Primera lectura: Éxodo 34,4b-6.8-9:
«Señor, Señor, Dios compasivo y misericordioso»
Salmo: Interleccional: Dn 3:
«A ti gloria y alabanza por los siglos»
Segunda lectura: 2 Corintios 13,11-13:
«Estén alegres, vivan en armonía»
Evangelio: Juan 3,16-18:
Dios mandó a su Hijo para que el mundo se salve por él
Santísima Trinidad
17 Dios no envió a su Hijo al mundo para juzgar al mundo, sino para que el mundo se salve por medio de él.
18 El que cree en él no es juzgado; el que no cree ya está juzgado, por no creer en el Hijo único de Dios.
En esta solemnidad en la que reconocemos las manifestaciones de Dios en la historia humana, estamos invitados a confrontarnos con nuestra propia experiencia de fe. Puede que nos pase lo que al pueblo de la Biblia que, poco a poco, fue reconociendo, en medio de la pluralidad de dioses de su entorno, unas características propias del Dios que lo cuidaba y guiaba.
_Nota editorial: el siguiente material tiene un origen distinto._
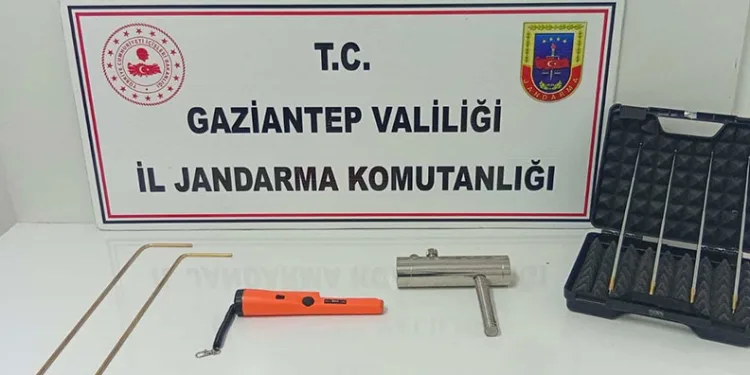Cumhurbaşkanı Erdoğan, Azerbaycan Cumhurbaşkanı Aliyev ile görüştü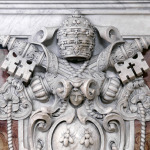 Restauración de las Superficies de Piedra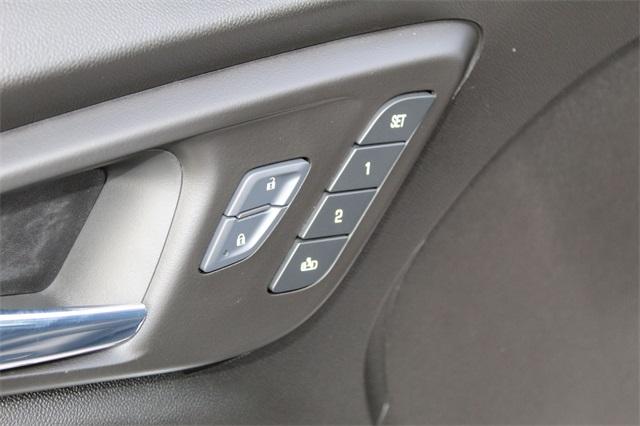 23087-chevrolet-malibu-2016-1zf69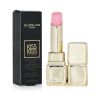 GUERLAIN - KissKiss Bee Glow Lip Balm - # 258 Rose Glow G043570 / 435704 3.2g/0.11oz
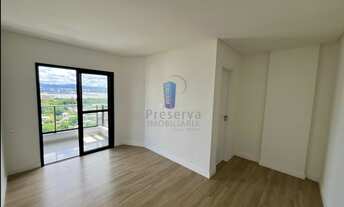 Imagem 3: Apartamento Alto Padrão Bairro Fazenda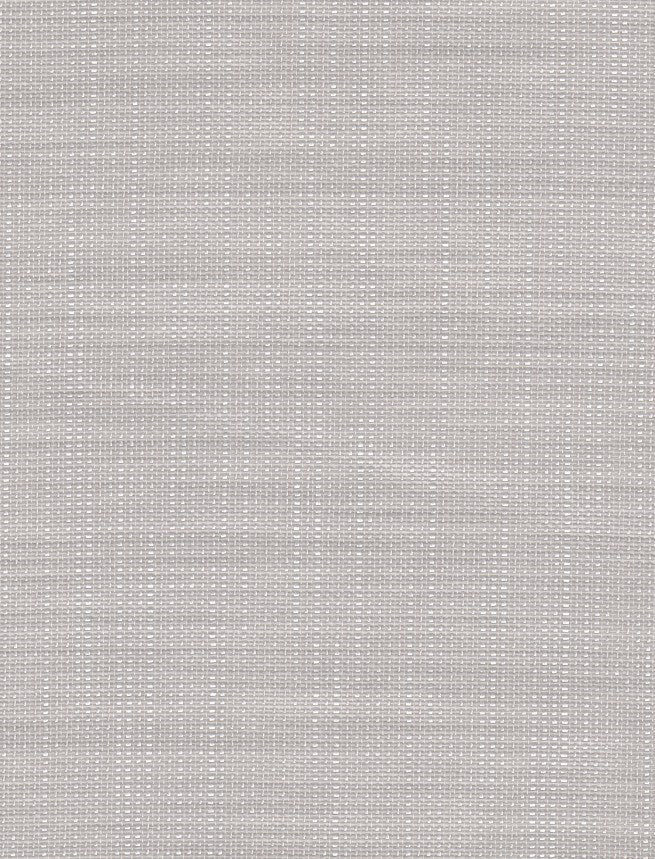 Silver - Gratitude By Wilson Fabrics || Material World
Lo experimentaron como un Dios justo, siempre dispuesto a defender a las víctimas y, a la vez, misericordioso y paciente.
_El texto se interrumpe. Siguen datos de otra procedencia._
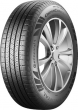 265/35-21 Continental CrossContact RX 101W ContiSilent MO1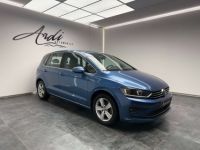 Volkswagen Golf Sportsvan 1.6 CR TDi GPS CRUISE GARANTIE 12 MOIS - <small></small> 11.950 € <small>TTC</small> - #17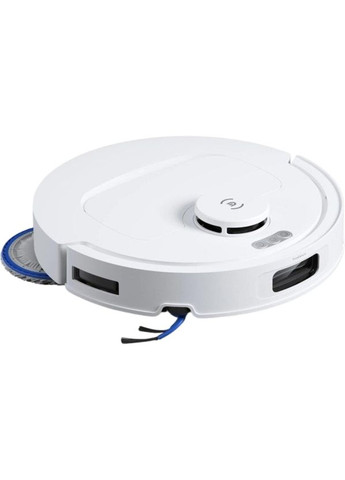 Робот-пылесос Deebot T30 CDLX71 WHITE (DLX71 WHITE) Ecovacs (361079575)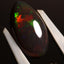 2.70ct Natural Ethiopian Teardrop Cabochon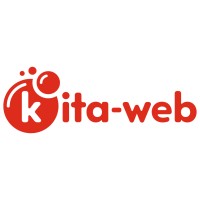 kitaweb logo - Similar company to Value Dimensions Management Services Gmbh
Este Dios experimentado con características paterno-maternas es el Dios creador que se vació a sí mismo en su obra creadora y se abajó hasta encarnarse en Jesús, completamente comprometido con la liberación, regeneración y salvación por obra del Espíritu Santo. Un Dios comunitario invitándonos a ser familia humana solidaria con todas las criaturas.
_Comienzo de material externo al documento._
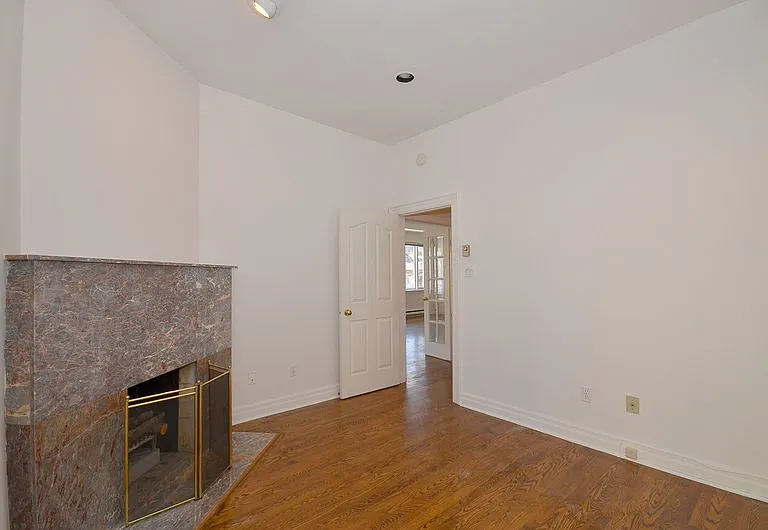 36 Foxbar Rd — Photo 17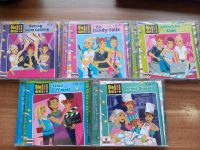 5 CDs * Paket * Die drei !!! Ausrufezeichen Rheinland-Pfalz - Mudersbach Vorschau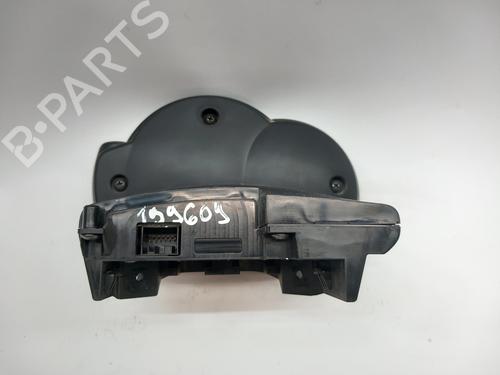 Instrument cluster MINI MINI (F56) One | BP28518737C47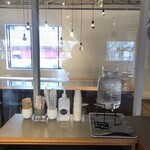 ダンデライオン・チョコレート - 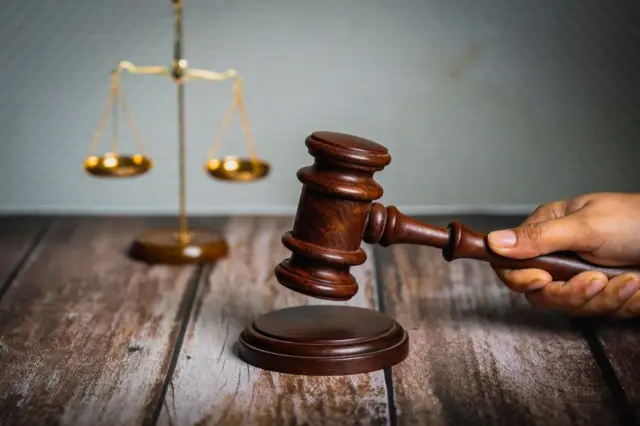 நீதிபதி ஜி.ஆர்.சுவாமிநாதன் யார்? அவரது தீர்ப்புகளும் பேச்சுகளும் சர்ச்சையை ஏற்படுத்துவது ஏன்?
Pero, ¿cómo comprender y encontrar el amor del Dios-Comunidad en un mundo que, detrás de sus ofertas de consumo y placer ilimitado, solo nos entrega violencia, dolor y tantas víctimas? ¿Por qué, siendo hijas e hijos de Dios, sufrimos tantas violaciones a nuestra dignidad y a nuestros derechos incluso en manos de quienes están llamados a procurarnos amor y justicia? La experiencia del sufrimiento, que tan bien conocen en nuestra América Latina, por ejemplo, las mujeres agredidas y violentadas tanto física como emocionalmente, vulnera la certeza del amor de Dios al mundo y a sus criaturas. Es entonces cuando surgen los cuestionamientos que probablemente incomodan a quienes no lo han vivido y, no obstante, en muchos casos, se apuran a “aconsejar” que hay que aceptar la voluntad de Dios, que es a causa de nuestros pecados y que lo que padecemos nos purifica. Cuando no, incluso, que lo merecemos y que a Dios no se lo debe cuestionar porque es Dios…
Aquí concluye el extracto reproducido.